** TASK **
Transcribe all of the data exactly. Omit the pictures.

** PROVIDED MATERIAL **
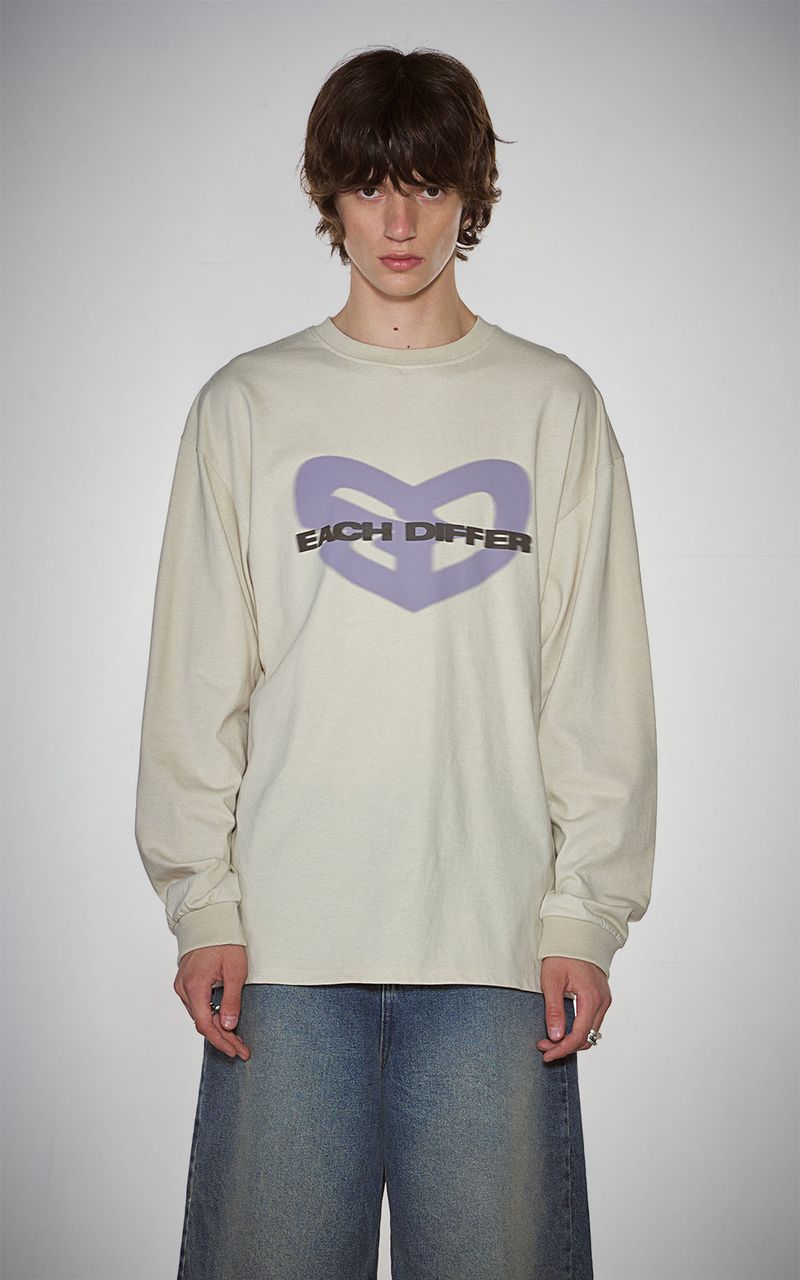 EACH DIFFER(イーチディファー)の「BLUR HEART LONG SLEEVE_BEIGE(Tops)」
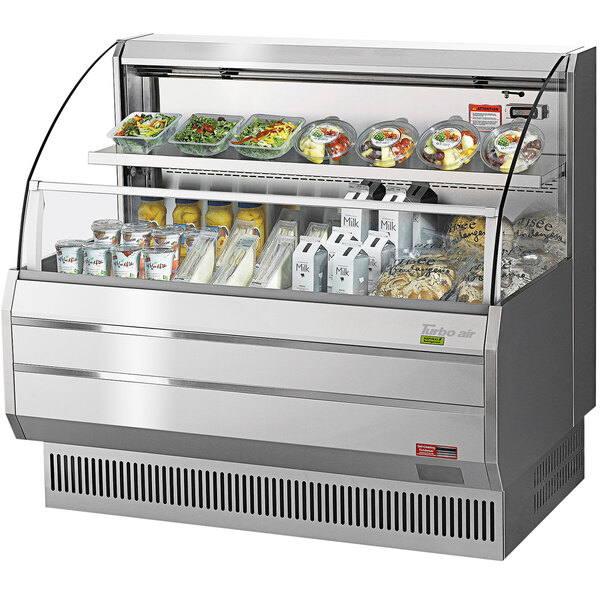 A Turbo Air stainless steel horizontal refrigerated open low profile curtain merchandiser with food inside.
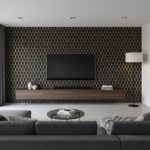 Black tile with gold geometric pattern, smooth texture, contemporary style.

** FINAL ANSWER **
 EACH DIFFER(イーチディファー)の「BLUR HEART LONG SLEEVE_BEIGE(Tops)」
 A Turbo Air stainless steel horizontal refrigerated open low profile curtain merchandiser with food inside.
 Black tile with gold geometric pattern, smooth texture, contemporary style.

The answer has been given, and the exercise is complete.